Civilization: Message from the Morning Man by Kojo Yankson


Civilization: Message from the Morning Man
by Kojo Yankson

8th October 2015

The first people to settle on the European continent had a really tough time. Everywhere they looked, there was snow. Temperatures were permanently sub-zero. They had to instantly find clothing, shelter and food in that order. They had to run faster than the animals they hunted, otherwise they would starve. They had to quickly figure out solutions to life-and-death problems, otherwise, they, their families and their tribes would die. If they picked the wrong spot to settle, they would have no water. If they failed to make fire, they would freeze to death. If their prey outsmarted them, they wouldn’t eat. They had to excel every single day, or they would die.

You can imagine how this would have instilled in them a sense of self-reliance. They realised from the first day, that it was up to them how their day would turn out, how their week, their month, their year would be. It was up to them. There was no time to make excuses if they wanted their children to eat. As they evolved, they would pass on this attitude from generation to generation until it became encoded in their DNA. Religion would come along, and they would believe in higher powers and all that, but this fundamental belief that every outcome was fundamentally up to them, would never be removed from their genetic coding.

The evidence of this can be seen all around us in today’s European society, and all other societies they have spawned and influenced. They have a problem, someone invents a solution. Something goes wrong, they blame themselves and learn from it. Something goes right, they turn it into policy and teach everyone how to replicate that success. That genetic coding of excellence has led to a society that thrives and a system that works.
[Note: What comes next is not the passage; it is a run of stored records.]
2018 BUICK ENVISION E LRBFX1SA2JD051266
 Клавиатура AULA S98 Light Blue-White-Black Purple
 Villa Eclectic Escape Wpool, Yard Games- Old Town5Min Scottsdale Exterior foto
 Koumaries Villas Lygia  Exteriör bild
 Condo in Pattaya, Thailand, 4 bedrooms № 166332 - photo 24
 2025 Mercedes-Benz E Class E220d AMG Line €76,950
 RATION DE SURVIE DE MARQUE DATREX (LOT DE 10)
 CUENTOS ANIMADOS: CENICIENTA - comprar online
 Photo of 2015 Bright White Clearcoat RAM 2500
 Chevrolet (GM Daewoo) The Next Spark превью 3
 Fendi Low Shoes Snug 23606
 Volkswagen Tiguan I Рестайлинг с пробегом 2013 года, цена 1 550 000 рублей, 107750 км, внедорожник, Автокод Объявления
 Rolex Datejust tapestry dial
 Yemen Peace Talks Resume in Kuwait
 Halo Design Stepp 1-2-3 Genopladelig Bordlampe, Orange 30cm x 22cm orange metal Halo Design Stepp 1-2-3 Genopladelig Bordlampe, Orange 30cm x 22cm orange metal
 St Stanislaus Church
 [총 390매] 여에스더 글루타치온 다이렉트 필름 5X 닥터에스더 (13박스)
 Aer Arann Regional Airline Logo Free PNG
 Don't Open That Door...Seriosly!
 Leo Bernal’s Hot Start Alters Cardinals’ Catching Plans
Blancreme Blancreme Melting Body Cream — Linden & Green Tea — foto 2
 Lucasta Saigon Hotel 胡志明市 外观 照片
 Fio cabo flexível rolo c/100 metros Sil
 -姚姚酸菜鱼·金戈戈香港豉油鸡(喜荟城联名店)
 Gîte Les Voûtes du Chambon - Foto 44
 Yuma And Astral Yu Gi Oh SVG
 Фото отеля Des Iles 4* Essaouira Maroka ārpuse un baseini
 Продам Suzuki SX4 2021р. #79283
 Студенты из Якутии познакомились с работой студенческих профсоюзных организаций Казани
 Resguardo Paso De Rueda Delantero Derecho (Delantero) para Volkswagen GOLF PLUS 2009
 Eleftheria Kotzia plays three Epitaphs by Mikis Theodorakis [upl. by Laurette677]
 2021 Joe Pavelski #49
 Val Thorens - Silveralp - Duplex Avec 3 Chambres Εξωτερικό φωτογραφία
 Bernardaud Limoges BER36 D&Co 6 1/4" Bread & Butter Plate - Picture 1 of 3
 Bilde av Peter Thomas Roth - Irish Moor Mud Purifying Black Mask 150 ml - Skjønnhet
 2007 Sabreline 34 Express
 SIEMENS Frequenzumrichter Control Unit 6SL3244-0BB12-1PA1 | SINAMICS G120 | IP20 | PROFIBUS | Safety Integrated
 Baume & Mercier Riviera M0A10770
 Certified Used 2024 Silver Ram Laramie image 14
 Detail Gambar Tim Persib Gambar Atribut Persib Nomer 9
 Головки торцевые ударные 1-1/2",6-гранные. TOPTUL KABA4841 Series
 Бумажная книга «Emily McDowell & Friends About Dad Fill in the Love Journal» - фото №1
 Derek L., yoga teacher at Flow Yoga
The first people to have settled on the African continent must have had the easiest life you could possibly imagine. They were surrounded by an abundance of resources. Everything a person could possibly need was right there at their fingertips. Trees every five metres in the thick, rich jungle to provide shelter. Fresh springs, rivers and brooks to provide water. You probably couldn’t walk five feet without treading on a fat, juicy rabbit to provide you and your family with a delicious dinner. As for clothing… well, it was so hot that they would have just walked around buck naked feeling like kings of the jungle.

So in the midst of such abundance, you can imagine just how difficult it would be for a lazy person to justify their hunger and poverty. When they pop over to their neighbour’s cave to beg for some leftover antelope stew, they would have to be armed with the best excuse in the world.

“Oh, the gods didn’t favour me today o. My traps are empty”

Oh, the gods have cursed me o. I’m sick bia. M’afe saa. So no hunting today.

“Oh, I actually started rearing some nice guinea fowl behind the cave, but the Gods did not smile on me, and they flew away to Burkina Faso”

Soon, everyone would be in on the excuses game. Farmers who couldn’t be bothered to work hard in the beautiful sunshine would blame the gods for cursing the land. Mothers who couldn’t be bothered chasing the kids around and ensuring their safety would blame the gods for giving her retarded children. Leaders who had no clue how to improve the lives of their subjects would blame the gods for cursing the tribe. Soon, the African would become experts at blaming someone else for their status in life. This skill will be passed from generation to generation.

And then the Europeans came to our continent. They saw our resources and wanted them, but of course we stood in the way. So they assessed the problem observed our behaviour, and came up with a solution. They gave us a gift: organised religion. To the African, that presented a buffet of best possible excuses we could have imagined. Little by little, we evolved into a race that believes that whether or not we prosper is entirely down to supernatural forces. This way, we grew more and more comfortable in our failures – after all, it was not our fault.

My friends, this is my theory of how civilization evolved. Now I may be right, or I may be wrong, but either way, the difference between the African mindset and that of other societies is evident in our daily deeds and actions. When things go wrong, we always have something or someone to blame. The weather. Cocoa prices. Our ancestors. Our predecessors. Everything is someone else’s fault. Which means we don’t have to lift a finger to try and solve it.

We have to think differently and act differently if we are to have any hope of curing this deadly DNA defect and leaving something other than debt for future generations.

My name is Kojo Yankson, and it doesn’t matter what my ancestors handed down to me. All that matters is what I choose to hand down to my descendants.